Although the drug used was different than RU-486 — the "morning after contraceptive" Manish Patel, of the Town of Kaukauna, is accused of slipping his lover — the case parallels Patel's Outagamie County case in some ways, according to the Associated Press and Virginia news outlets....
According to the Associated Press, when the 19-year-old student at Old Dominion University in Norfolk, Va., had a miscarriage 11 weeks into her pregnancy last February, she wasn't at first suspicious.
Her boyfriend, 21-year-old Daniel Riase, had argued with her — and punched her in the stomach — when she told him she was having second thoughts about having an abortion, but then he seemed to dote on her.
She thought the miscarriage was due to natural causes. However, a few days later she found an e-mail and discovered Riase had purchased a drug on the Internet, and gave it to her in a glass of milk, causing the miscarriage.
The drug, misoprostol, or the trade name Cytotec, is used to induce labor, soften the cervix and cure ulcers.
Riase last month pleaded guilty to aggravated malicious wounding leading to the involuntary termination of a woman's pregnancy and one count of adulterating a drink, and was sentenced to five years in prison.

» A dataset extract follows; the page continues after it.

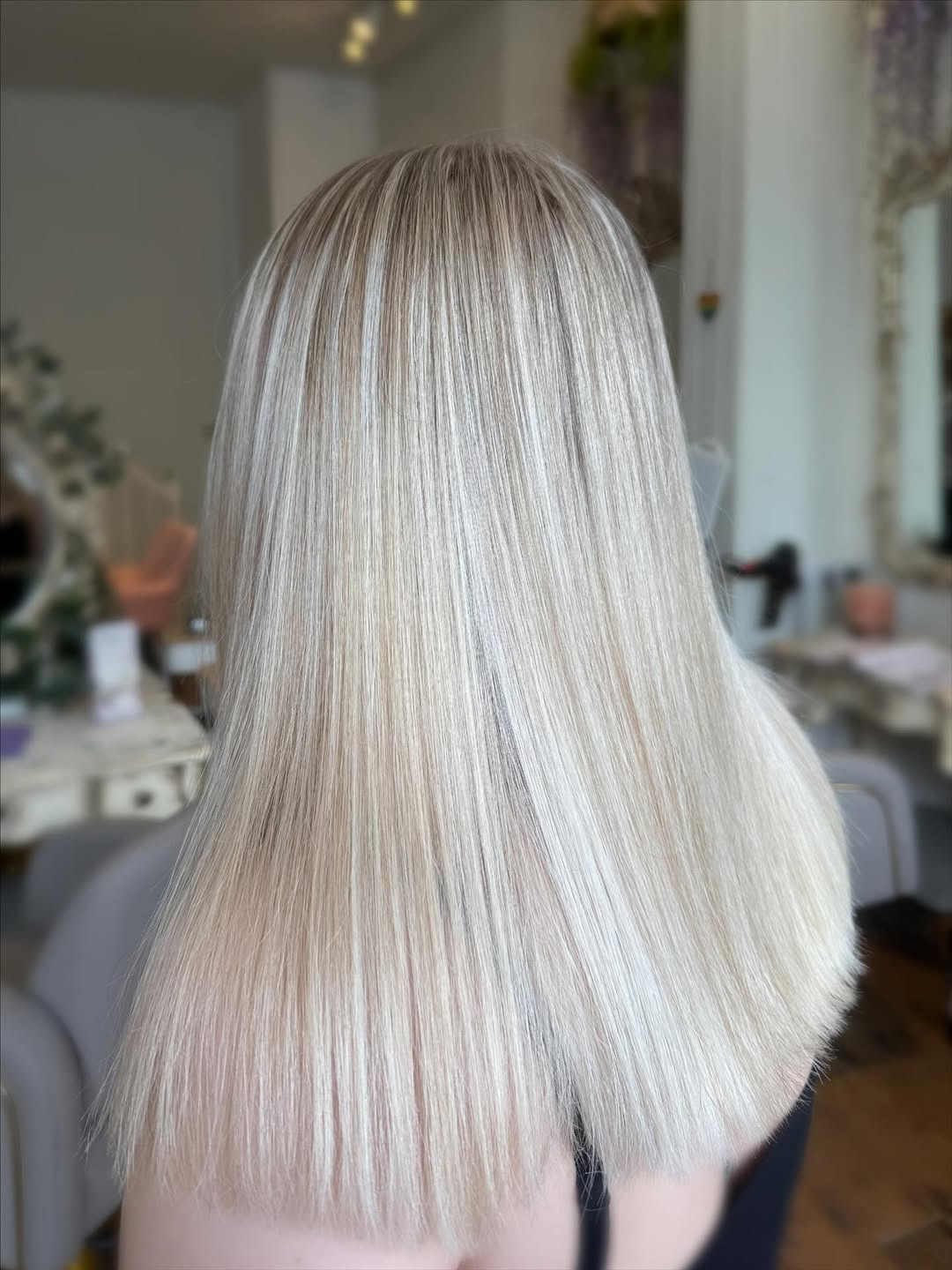 Soft waves and colour styling by Looks by Lexie Devon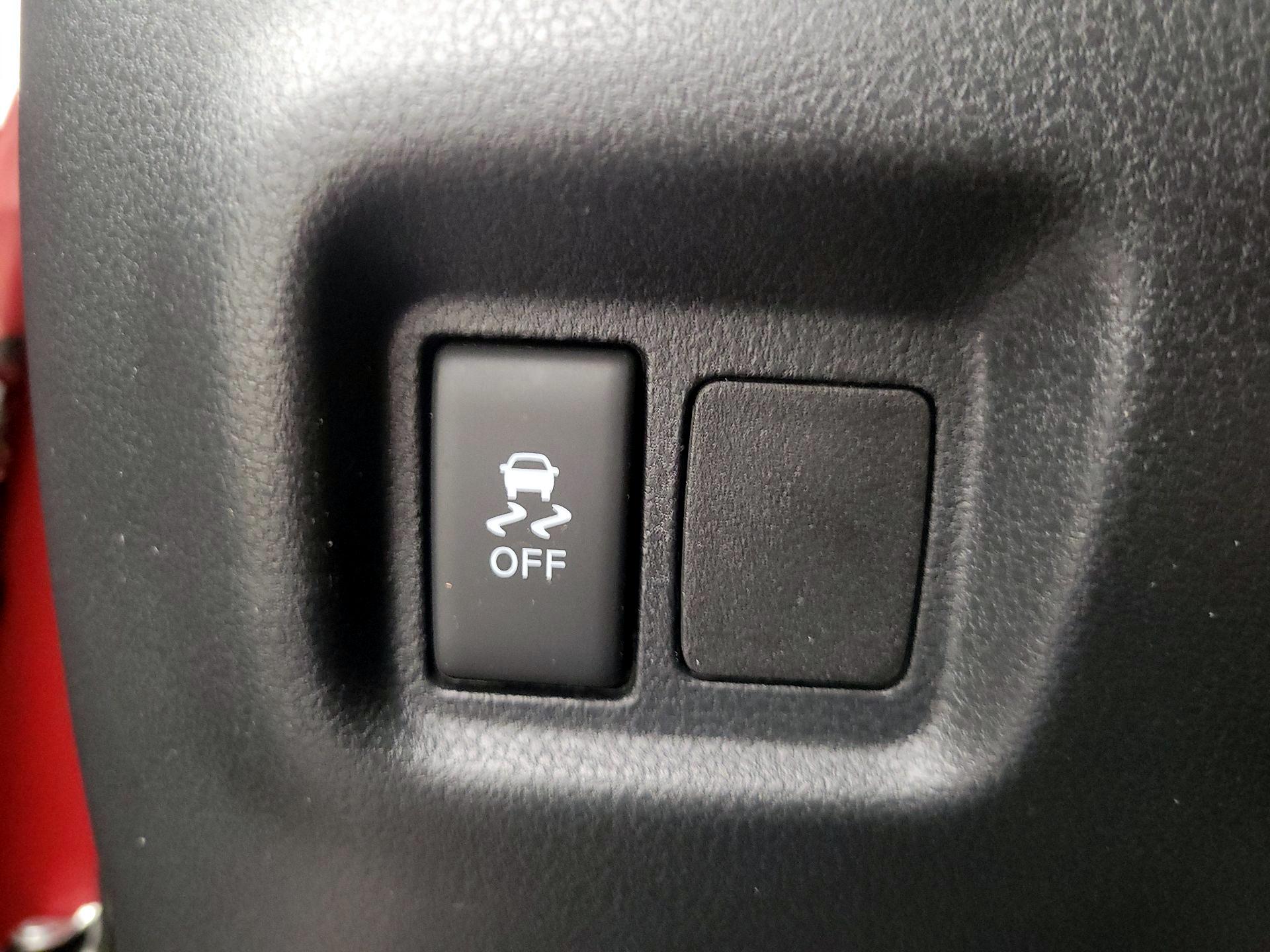 Thumbnail: 2017 Nissan Versa - 13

Please note that the story confuses mifepristone (brand-name Mifeprex, also known as RU-486) (the early abortion pill) with emergency contraception (brand-name Plan B). Emergency contraception works after intercourse to prevent pregnancy from occurring. It will not disrupt an established pregnancy. Had the Wisconsin man tried to use emergency contraception, he would have failed to cause a miscarriage.
Misoprostol (brand-name Cytotec), the drug used in the Virginia case, is an ulcer medication with multiple off-label uses that has long been available in the U.S. on the black market. It induces contractions that cause an abortion. The Wisconsin man, however, reportedly is alleged to have used mifepristone, a drug specifically approved by the FDA for abortion. Given that the drug is typically used in conjunction with misoprostol, I wonder whether there are particular dangers to a pregnant woman who unknowingly ingests it. While mifepristone blocks the hormone progesterone needed to maintain the pregnancy, it is the subsequent administration of misoprostol that usually induces the contractions that cause the woman to expel the embryo.